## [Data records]
- Opening Delimiter -

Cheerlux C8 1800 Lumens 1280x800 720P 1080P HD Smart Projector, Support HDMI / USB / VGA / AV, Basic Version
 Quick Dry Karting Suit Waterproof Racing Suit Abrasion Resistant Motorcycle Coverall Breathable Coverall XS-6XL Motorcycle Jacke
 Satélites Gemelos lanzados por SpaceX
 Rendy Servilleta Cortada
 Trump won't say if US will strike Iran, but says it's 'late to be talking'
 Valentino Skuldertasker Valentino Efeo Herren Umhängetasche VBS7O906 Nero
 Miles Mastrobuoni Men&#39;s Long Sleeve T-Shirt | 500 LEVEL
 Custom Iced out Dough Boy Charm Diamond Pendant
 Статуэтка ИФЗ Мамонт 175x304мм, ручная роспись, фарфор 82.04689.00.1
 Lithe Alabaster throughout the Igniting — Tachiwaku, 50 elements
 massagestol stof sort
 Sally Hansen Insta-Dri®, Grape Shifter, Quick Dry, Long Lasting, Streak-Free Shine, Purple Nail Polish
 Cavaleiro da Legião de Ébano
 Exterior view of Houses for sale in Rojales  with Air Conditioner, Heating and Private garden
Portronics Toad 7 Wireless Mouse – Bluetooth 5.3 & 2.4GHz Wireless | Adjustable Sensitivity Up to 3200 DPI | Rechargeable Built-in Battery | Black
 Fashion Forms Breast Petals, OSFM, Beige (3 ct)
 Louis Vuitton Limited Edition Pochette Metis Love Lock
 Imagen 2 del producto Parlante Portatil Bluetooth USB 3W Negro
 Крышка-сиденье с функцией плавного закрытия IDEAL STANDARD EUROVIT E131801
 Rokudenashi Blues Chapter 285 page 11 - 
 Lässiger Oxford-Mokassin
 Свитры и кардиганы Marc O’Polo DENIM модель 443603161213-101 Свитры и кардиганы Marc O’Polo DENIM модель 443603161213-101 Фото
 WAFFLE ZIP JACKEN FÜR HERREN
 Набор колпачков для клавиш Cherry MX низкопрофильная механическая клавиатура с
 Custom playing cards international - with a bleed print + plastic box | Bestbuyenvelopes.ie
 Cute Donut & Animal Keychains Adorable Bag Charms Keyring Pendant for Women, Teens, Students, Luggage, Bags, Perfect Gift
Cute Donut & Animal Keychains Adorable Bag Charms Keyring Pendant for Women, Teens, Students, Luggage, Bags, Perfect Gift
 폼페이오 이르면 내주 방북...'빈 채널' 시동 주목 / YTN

- Closing Delimiter -

## [Task objective]
Write out the entries verbatim, all of them.

## [Solution to the exercise]
Cheerlux C8 1800 Lumens 1280x800 720P 1080P HD Smart Projector, Support HDMI / USB / VGA / AV, Basic Version
 Quick Dry Karting Suit Waterproof Racing Suit Abrasion Resistant Motorcycle Coverall Breathable Coverall XS-6XL Motorcycle Jacke
 Satélites Gemelos lanzados por SpaceX
 Rendy Servilleta Cortada
 Trump won't say if US will strike Iran, but says it's 'late to be talking'
 Valentino Skuldertasker Valentino Efeo Herren Umhängetasche VBS7O906 Nero
 Miles Mastrobuoni Men&#39;s Long Sleeve T-Shirt | 500 LEVEL
 Custom Iced out Dough Boy Charm Diamond Pendant
 Статуэтка ИФЗ Мамонт 175x304мм, ручная роспись, фарфор 82.04689.00.1
 Lithe Alabaster throughout the Igniting — Tachiwaku, 50 elements
 massagestol stof sort
 Sally Hansen Insta-Dri®, Grape Shifter, Quick Dry, Long Lasting, Streak-Free Shine, Purple Nail Polish
 Cavaleiro da Legião de Ébano
 Exterior view of Houses for sale in Rojales  with Air Conditioner, Heating and Private garden
Portronics Toad 7 Wireless Mouse – Bluetooth 5.3 & 2.4GHz Wireless | Adjustable Sensitivity Up to 3200 DPI | Rechargeable Built-in Battery | Black
 Fashion Forms Breast Petals, OSFM, Beige (3 ct)
 Louis Vuitton Limited Edition Pochette Metis Love Lock
 Imagen 2 del producto Parlante Portatil Bluetooth USB 3W Negro
 Крышка-сиденье с функцией плавного закрытия IDEAL STANDARD EUROVIT E131801
 Rokudenashi Blues Chapter 285 page 11 - 
 Lässiger Oxford-Mokassin
 Свитры и кардиганы Marc O’Polo DENIM модель 443603161213-101 Свитры и кардиганы Marc O’Polo DENIM модель 443603161213-101 Фото
 WAFFLE ZIP JACKEN FÜR HERREN
 Набор колпачков для клавиш Cherry MX низкопрофильная механическая клавиатура с
 Custom playing cards international - with a bleed print + plastic box | Bestbuyenvelopes.ie
 Cute Donut & Animal Keychains Adorable Bag Charms Keyring Pendant for Women, Teens, Students, Luggage, Bags, Perfect Gift
Cute Donut & Animal Keychains Adorable Bag Charms Keyring Pendant for Women, Teens, Students, Luggage, Bags, Perfect Gift
 폼페이오 이르면 내주 방북...'빈 채널' 시동 주목 / YTN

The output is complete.